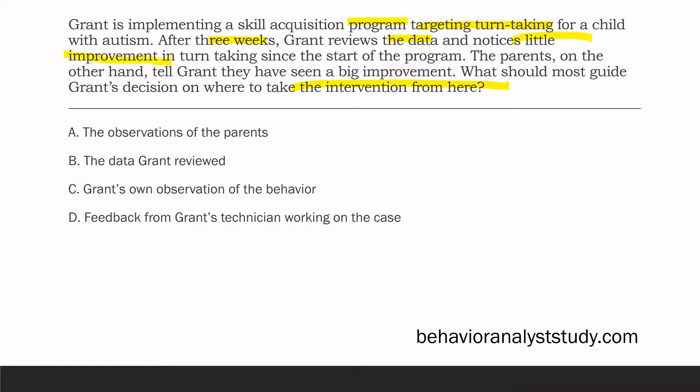The data show little improvement — that's not great. However, you've got stakeholders like parents telling Grant that they've seen a big improvement. So the question becomes: does Grant trust data, or does Grant go with the stakeholders and how they are perceiving the change? Well, what Grant wants to do is go with the data first. Even though the parents feel like they've seen a big improvement, we've got to trust the data initially.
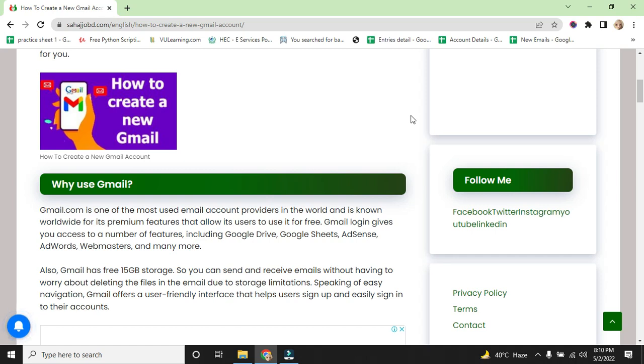Also Gmail has free 15 GB storage, so you can send and receive emails without having to worry about deleting files due to storage limitations. Speaking of easy navigation, Gmail offers a user-friendly interface that helps users sign up and easily sign in to their accounts.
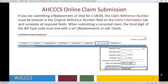If you are submitting a replacement or void for a UB04, the claim reference number must be entered in the original reference number field on the claim information tab, and then complete all required fields. When submitting a corrected claim, the third digit of the bill type code must end with a 7 to indicate replacement, or an 8 to indicate a void.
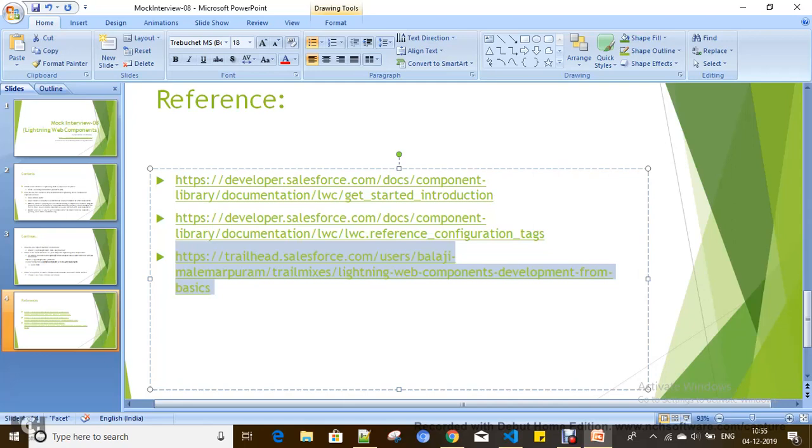When you want to implement Lightning Web Components, you can't use Developer Console. First of all, you can use SFDX, that is Salesforce CLI commands to create Lightning Web Components. If you use VS Code editor, you can easily create Lightning Web Components because it has CLI built-in and you can have Salesforce extensions also in VS Code.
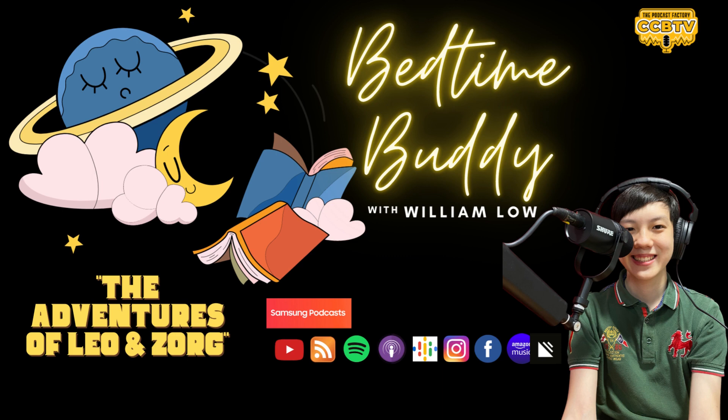Each week, we'll share a brand new story that will take you on an incredible journey. So snuggle up in your bed, close your eyes, and let your imagination take you away to the magical world of dreams. Sweet dreams, little ones.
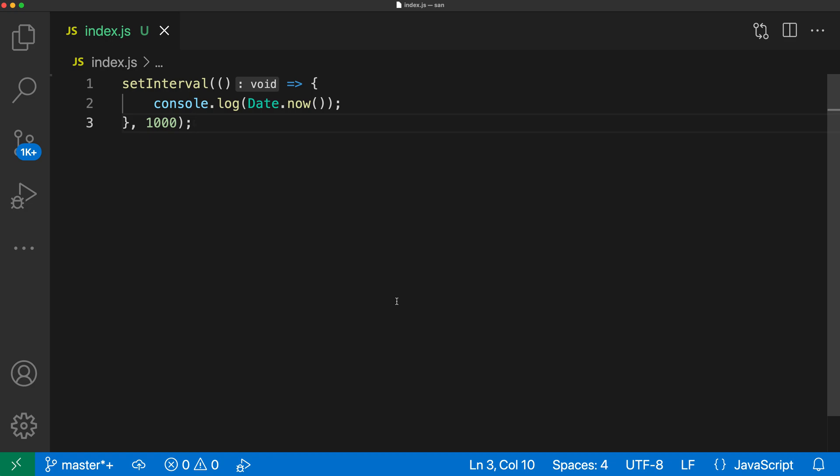Now here I have a simple JavaScript program for example and I'm going to start debugging it just by pressing F5. So a simple node app here.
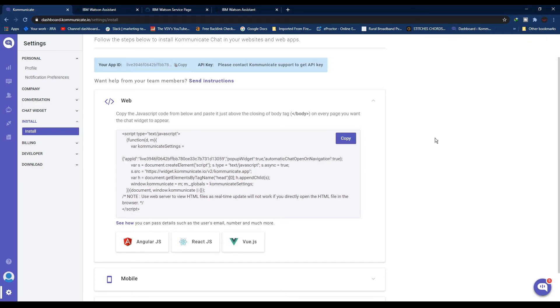So guys, that is how you can integrate your IBM Watson Assistant with Communicate and then use it on your website. Don't forget to like the video, and if you still don't have a Communicate account, the registration link is in the description. Register now. So guys, that is it for this video. See you in the next one.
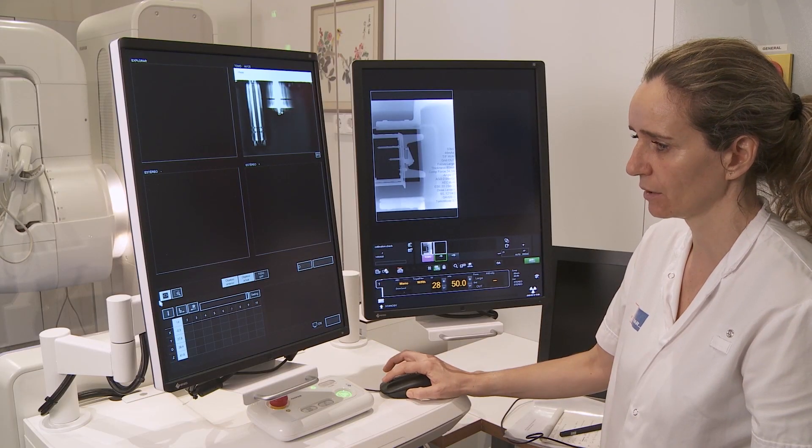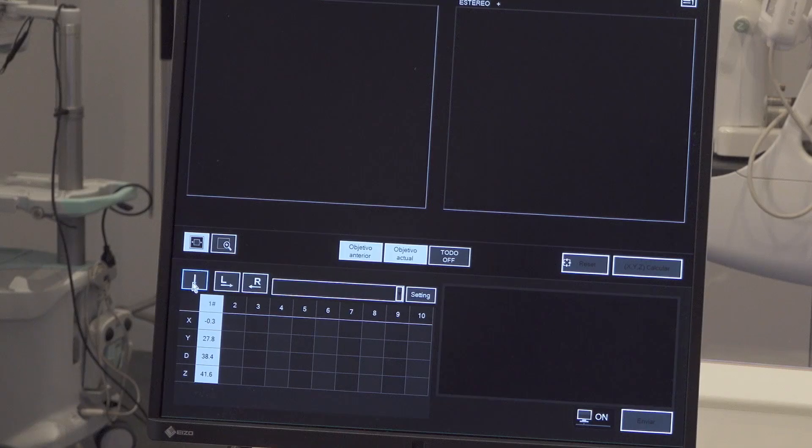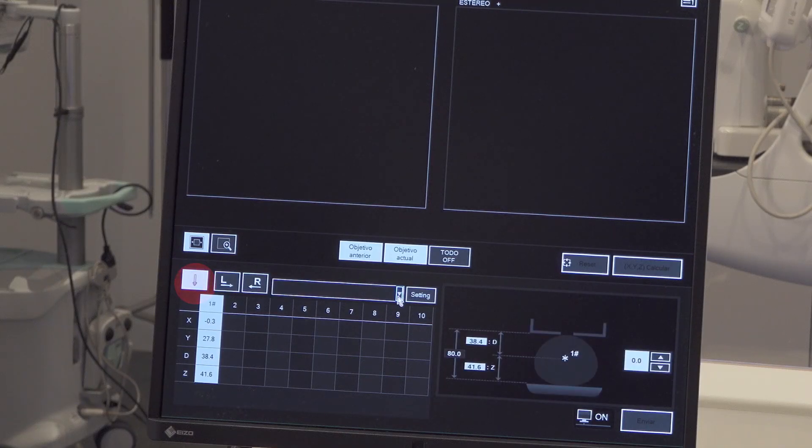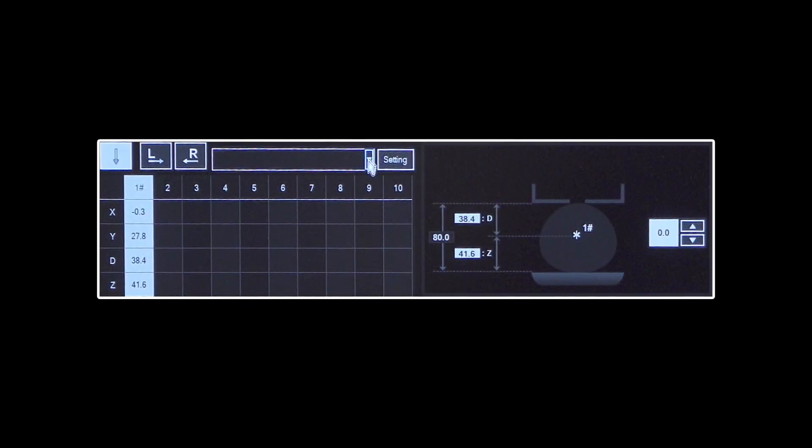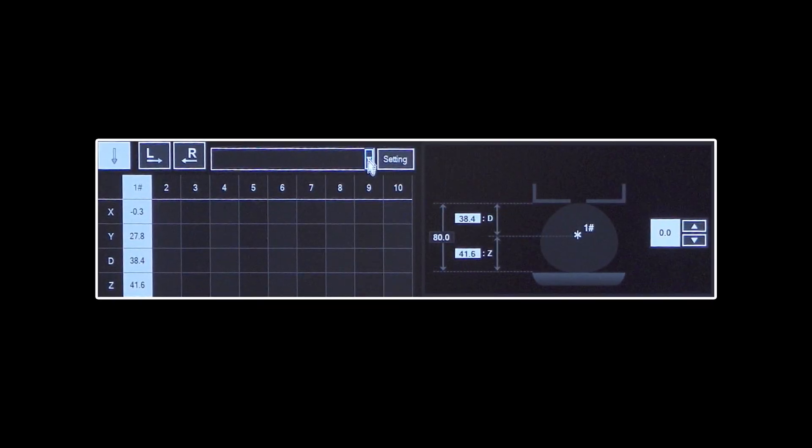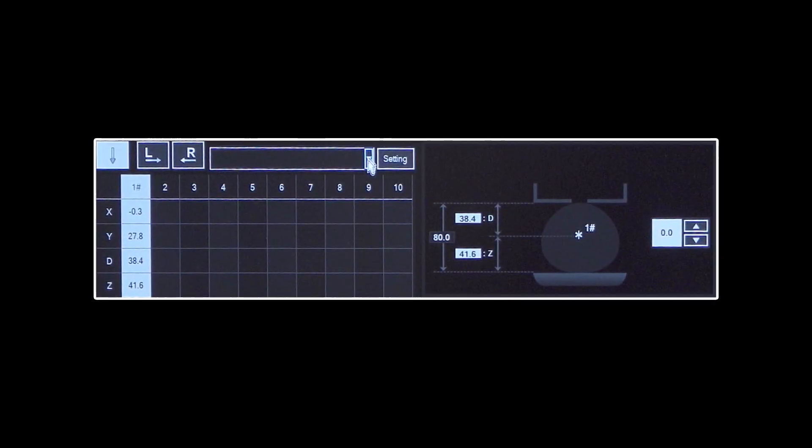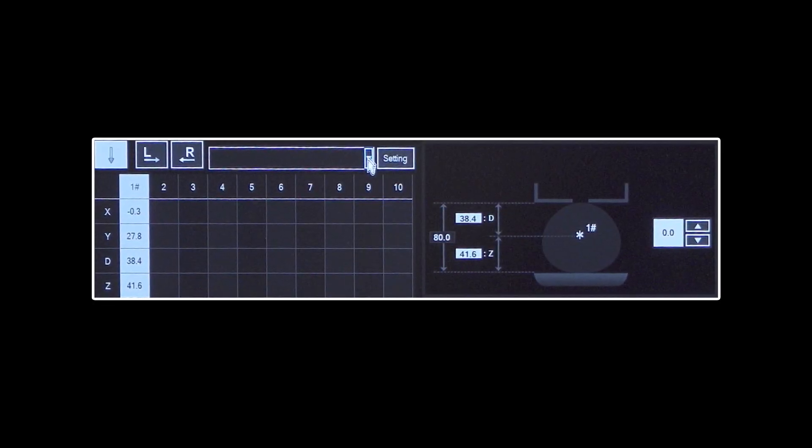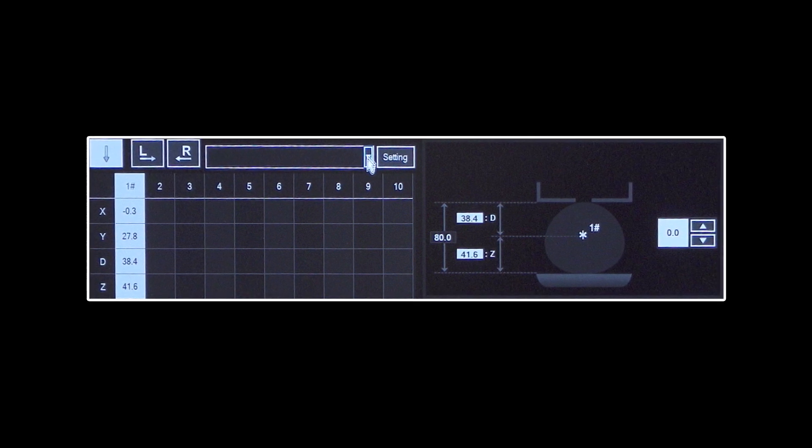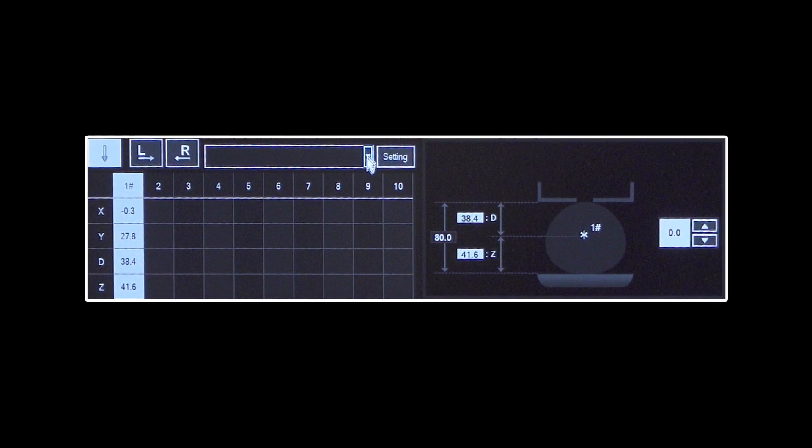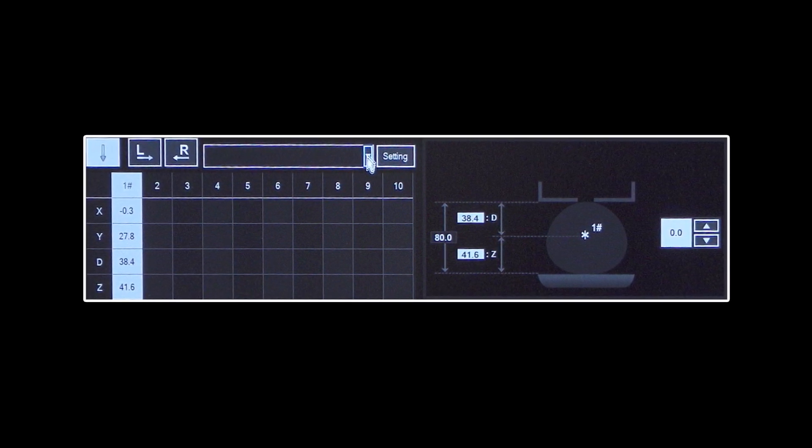Select vertical approach. Observe the breast pictogram indications: breast thickness, target distance to breast support and skin, as well as the target coordinates X, Y, and Z.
▬▬▬▬▬▬
◆ Problem statement: The pictures in the data should be omitted, and every remaining line set down exactly.

◆ Exercise answer:
The data show little improvement — that's not great. However, you've got stakeholders like parents telling Grant that they've seen a big improvement. So the question becomes: does Grant trust data, or does Grant go with the stakeholders and how they are perceiving the change? Well, what Grant wants to do is go with the data first. Even though the parents feel like they've seen a big improvement, we've got to trust the data initially.
Also Gmail has free 15 GB storage, so you can send and receive emails without having to worry about deleting files due to storage limitations. Speaking of easy navigation, Gmail offers a user-friendly interface that helps users sign up and easily sign in to their accounts.
If you are submitting a replacement or void for a UB04, the claim reference number must be entered in the original reference number field on the claim information tab, and then complete all required fields. When submitting a corrected claim, the third digit of the bill type code must end with a 7 to indicate replacement, or an 8 to indicate a void.
When you want to implement Lightning Web Components, you can't use Developer Console. First of all, you can use SFDX, that is Salesforce CLI commands to create Lightning Web Components. If you use VS Code editor, you can easily create Lightning Web Components because it has CLI built-in and you can have Salesforce extensions also in VS Code.
Each week, we'll share a brand new story that will take you on an incredible journey. So snuggle up in your bed, close your eyes, and let your imagination take you away to the magical world of dreams. Sweet dreams, little ones.
Now here I have a simple JavaScript program for example and I'm going to start debugging it just by pressing F5. So a simple node app here.
So guys, that is how you can integrate your IBM Watson Assistant with Communicate and then use it on your website. Don't forget to like the video, and if you still don't have a Communicate account, the registration link is in the description. Register now. So guys, that is it for this video. See you in the next one.
Select vertical approach. Observe the breast pictogram indications: breast thickness, target distance to breast support and skin, as well as the target coordinates X, Y, and Z.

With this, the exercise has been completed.